En particulier, la cour est saisie de la question de savoir si les juridictions chargées de reconnaître une décision rendue par une juridiction d’un autre État membre peuvent d’une part vérifier la compétence de cette dernière, et d’autre part refuser la reconnaissance de ladite décision dans le cas où la compétence de la juridiction serait établie en violation d’une clause d’élection du for (selon les règles issues de la convention internationale CMR).
A la première question la Cour répond par la négative sur la base d’une lecture combinée des articles 31 de la convention CMR et 71 du règlement Bruxelles I bis. La première disposition prévoit que l’exécution d’un jugement est soumise à l’accomplissement des formalités prévues à cet effet dans le pays intéressé et renvoi donc à l’article 71 du règlement Bruxelles I bis. La deuxième disposition interdit le contrôle de la compétence d’une juridiction d’un État membre par la juridiction d’un autre État membre.
La Cour répond par la négative également à la deuxième question relative à la possibilité de refuser la reconnaissance de la décision en se fondant sur l’article 45 du règlement Bruxelles I bis qui affirme d’une part la reconnaissance d’une décision peut être refusée si cette reconnaissance est manifestement contraire à l’ordre public de l’État membre requis (§ 1, lettre a) et d’autre part que le critère de l’ordre public ne peut être appliqué aux règles de compétence (§ 3). Sur ce point, la Cour ne considère pas la violation d’une clause d’élection de for comme une atteinte à un principe fondamental.

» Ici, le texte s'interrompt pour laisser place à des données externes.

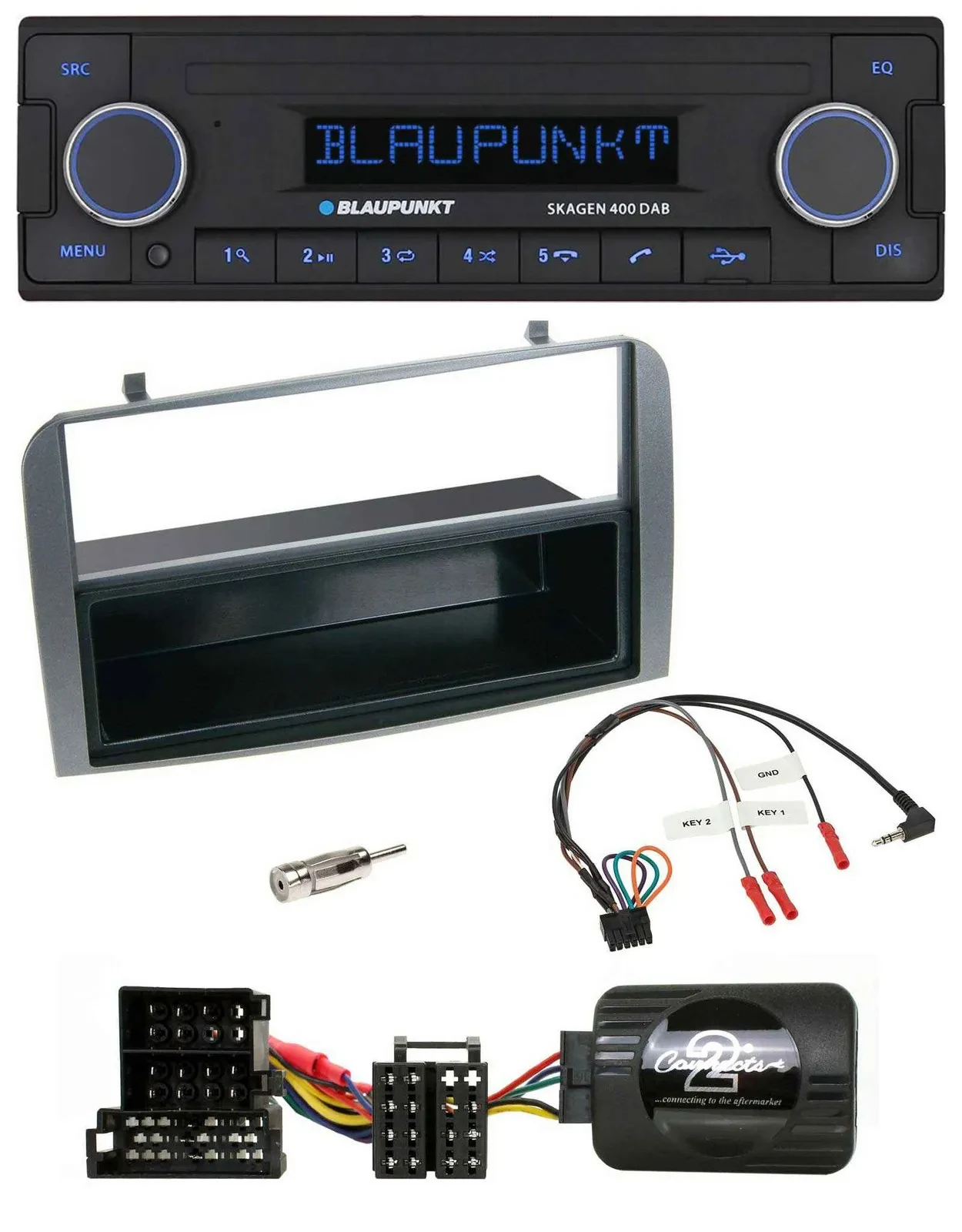 Автомагнитола для Alfa 147/GT Blaupunkt DAB, USB, Bluetooth, антрацит, с нишей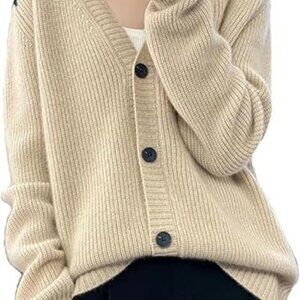 H&M Women's Chunky Knit Cardigan V-neck Cotton Blend Large Buttons Size Large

De même, la Cour considère qu’en l’espèce les conséquences sur le droit matériel applicables issue de l’application, ou pas, de la clause d’élection de for ne justifient non plus le refus des juridictions de l’État requis de reconnaître la décision étrangère sur le fondement de l’ordre public.
Au vu de ces éléments, il convient de faire vérifier scrupuleusement la question de la reconnaissance d’une décision dans le cadre d’un litige international pour éviter difficultés liées à un éventuel refus de reconnaissance.